Within the material below, count each line holding the string "York" and return the total alone.

___ Supplied information ___

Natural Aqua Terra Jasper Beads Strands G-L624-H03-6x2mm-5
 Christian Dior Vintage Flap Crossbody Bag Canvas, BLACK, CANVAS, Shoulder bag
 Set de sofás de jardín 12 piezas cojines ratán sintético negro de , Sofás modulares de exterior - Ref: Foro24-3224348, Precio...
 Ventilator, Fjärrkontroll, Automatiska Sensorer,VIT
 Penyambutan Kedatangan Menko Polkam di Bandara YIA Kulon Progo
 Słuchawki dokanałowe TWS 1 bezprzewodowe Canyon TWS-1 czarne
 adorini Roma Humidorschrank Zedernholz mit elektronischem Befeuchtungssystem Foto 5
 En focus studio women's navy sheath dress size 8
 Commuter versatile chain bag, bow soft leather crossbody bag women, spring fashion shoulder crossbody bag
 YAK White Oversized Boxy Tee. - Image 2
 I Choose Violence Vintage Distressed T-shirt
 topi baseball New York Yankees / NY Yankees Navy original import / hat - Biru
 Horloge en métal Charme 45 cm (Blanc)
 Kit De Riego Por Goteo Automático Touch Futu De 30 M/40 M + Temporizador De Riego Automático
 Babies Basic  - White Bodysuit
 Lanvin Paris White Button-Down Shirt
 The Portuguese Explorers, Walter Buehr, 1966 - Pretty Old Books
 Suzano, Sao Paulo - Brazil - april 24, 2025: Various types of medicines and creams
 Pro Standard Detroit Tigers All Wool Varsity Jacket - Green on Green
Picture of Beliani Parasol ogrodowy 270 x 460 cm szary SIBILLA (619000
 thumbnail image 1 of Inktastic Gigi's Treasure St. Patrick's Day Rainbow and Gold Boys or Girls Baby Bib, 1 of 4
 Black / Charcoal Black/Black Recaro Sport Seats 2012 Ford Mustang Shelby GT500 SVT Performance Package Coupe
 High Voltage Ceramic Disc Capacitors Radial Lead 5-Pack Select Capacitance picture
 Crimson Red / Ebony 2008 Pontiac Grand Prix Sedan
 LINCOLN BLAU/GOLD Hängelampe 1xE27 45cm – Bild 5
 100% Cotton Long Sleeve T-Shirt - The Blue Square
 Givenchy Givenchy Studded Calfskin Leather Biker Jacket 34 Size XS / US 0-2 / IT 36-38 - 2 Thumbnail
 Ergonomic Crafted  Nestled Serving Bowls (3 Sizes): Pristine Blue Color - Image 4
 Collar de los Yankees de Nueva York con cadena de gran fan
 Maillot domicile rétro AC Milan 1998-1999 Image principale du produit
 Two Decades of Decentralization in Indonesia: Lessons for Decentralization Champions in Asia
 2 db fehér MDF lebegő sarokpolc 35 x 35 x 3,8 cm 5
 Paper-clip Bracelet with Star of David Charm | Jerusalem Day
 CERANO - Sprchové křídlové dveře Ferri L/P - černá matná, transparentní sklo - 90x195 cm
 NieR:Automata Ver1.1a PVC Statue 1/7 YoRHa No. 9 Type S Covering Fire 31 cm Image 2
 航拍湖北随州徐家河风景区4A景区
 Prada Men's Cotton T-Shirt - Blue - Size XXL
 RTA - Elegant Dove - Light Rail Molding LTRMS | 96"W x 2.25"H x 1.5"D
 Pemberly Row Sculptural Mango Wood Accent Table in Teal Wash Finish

___

● Reply: 2